The reason why you can duplicate the direct object in this case is because the direct object appears *before* the verb. In this case, the duplication is even mandatory.


----------



## scholar visari

So if you want to be more specific about the direct object you would put it in the front like the example you have provided.


----------



## Peterdg

Yes, it's a way to emphasize it.


----------



## mirx

scholar visari said:


> So if you want to be more specific about the direct object you would put it in the front like the example you have provided.
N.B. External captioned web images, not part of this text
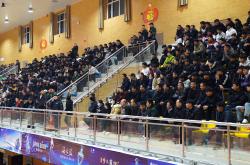 开云体育官网-关键比赛现场紧张异常，球迷热情高涨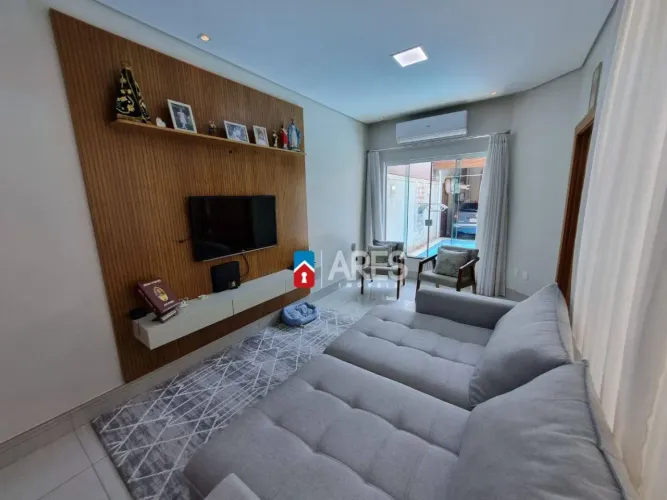 Casa Térrea com Piscina Aquecida com 4 dormitórios à venda, 182 m² por R$ 817.000 - Parque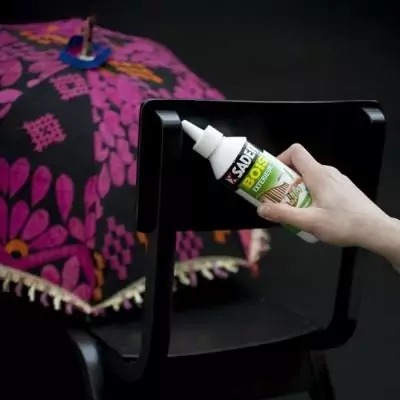 Colle bois extérieur - SADER - PU Polyuréthane - Ultra résistante - Humidité et chaleur - Biberon 250 g Colle bois extérieur - SADER - PU Polyuréthane - Ultra résistante - Humidité et chaleur - Biberon 250 g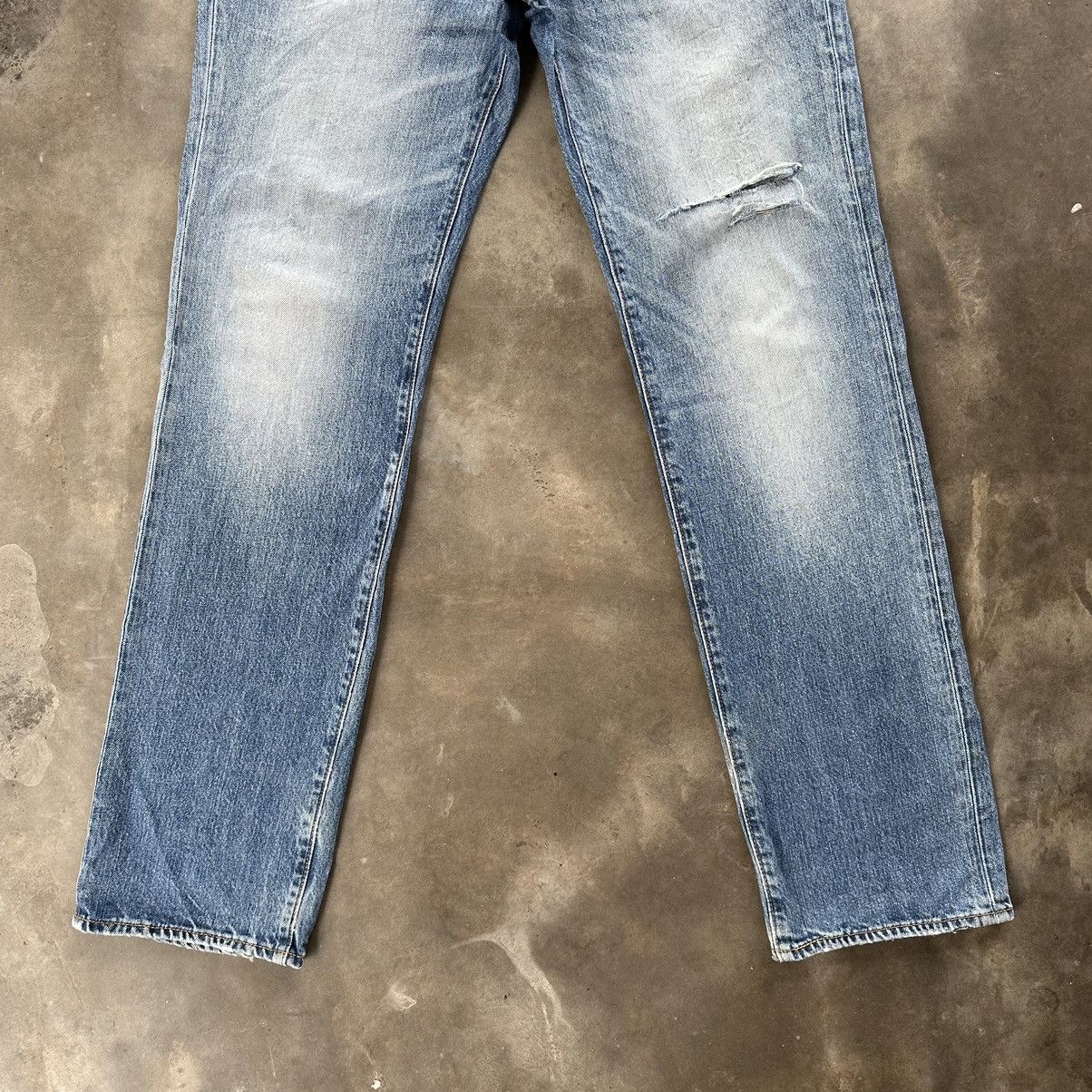 Japanese Brand Vintage Levi’s 502 Distress Raw Faded Denim Jean Size 35 Size US 35 - 3 Thumbnail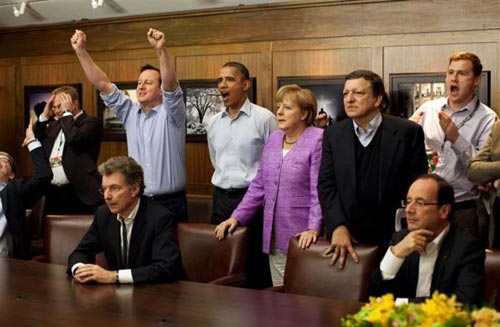 Thủ tướng Anh Davide Cameron, Tổng thống Mỹ Barack Obama, Thủ tướng Đức Angela Merkel, Chủ tịch ủy ban châu Âu Jose Manuel Barroso và những người khác hò reo cổ vũ khi tranh thủ giờ giải lao để theo dõi trận chung kết cúp C1 giữa Chelsea và Bayern Munich tại phòng họp ở Trại David trong khuôn khổ Hội nghị Thượng đỉnh G8.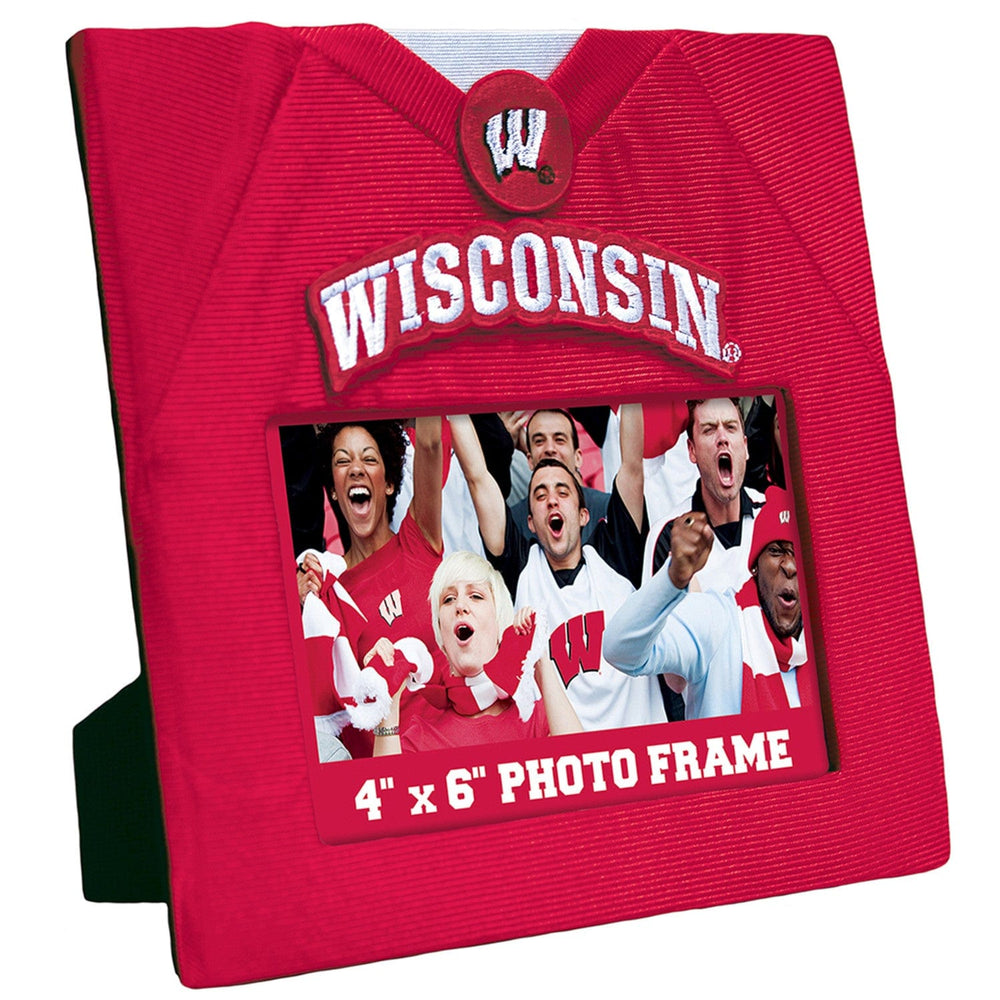 Wisconsin Badgers Uniformed Frame (ONLINE ORDER ONLY)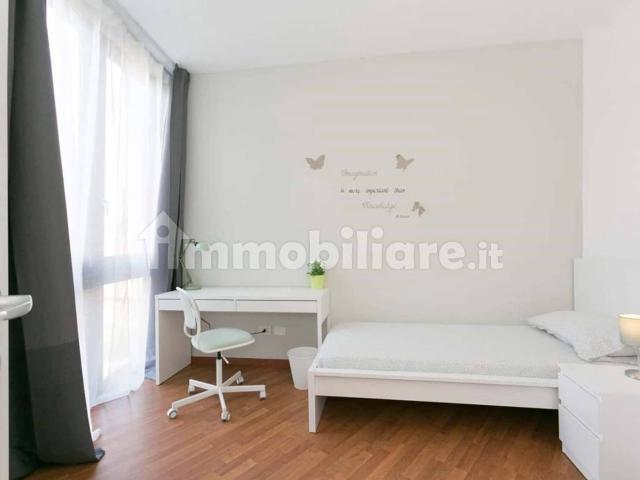 Stanza in affitto in appartamento via Gavirate, Milano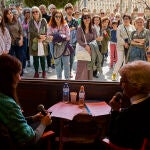 Las poetas Carmen Pedreiro (Madrid, 1996) y Luz Pichel (Lalín, Pontevedra, 1947) recitan poemas este lunes en la Cuesta de Moyano en el paseo literario 'De Fieras a Feria'. 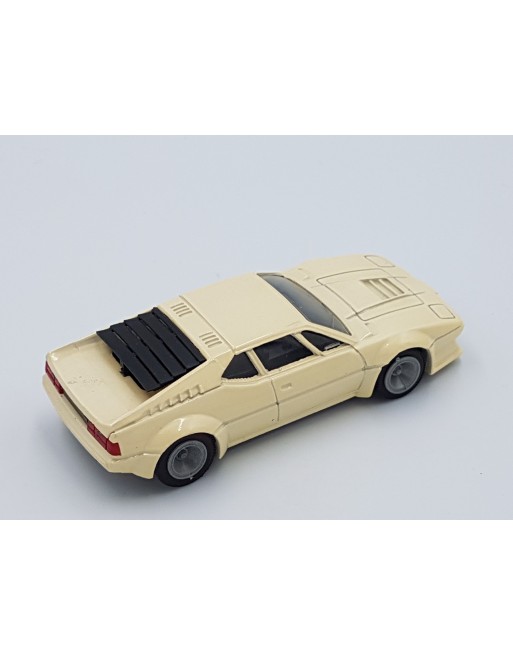 1/43 BMW M1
  In a short sentence like the ones posted, yes. If your example was longer and part of a conversation you could use the others as well.


----------



## scholar visari

Can you give an example of when to use one of the original  sentences. Please


----------



## mirx

scholar visari said:


> Can you give an example of when to use one of the original  sentences. Please


  Let's imagine there's more people been referred to in the conversation. You star by saying "Lo conozco", then you realize that you haven't been specific and that "lo" could be any one of those previously mentioned; you can then add "a Hugo". 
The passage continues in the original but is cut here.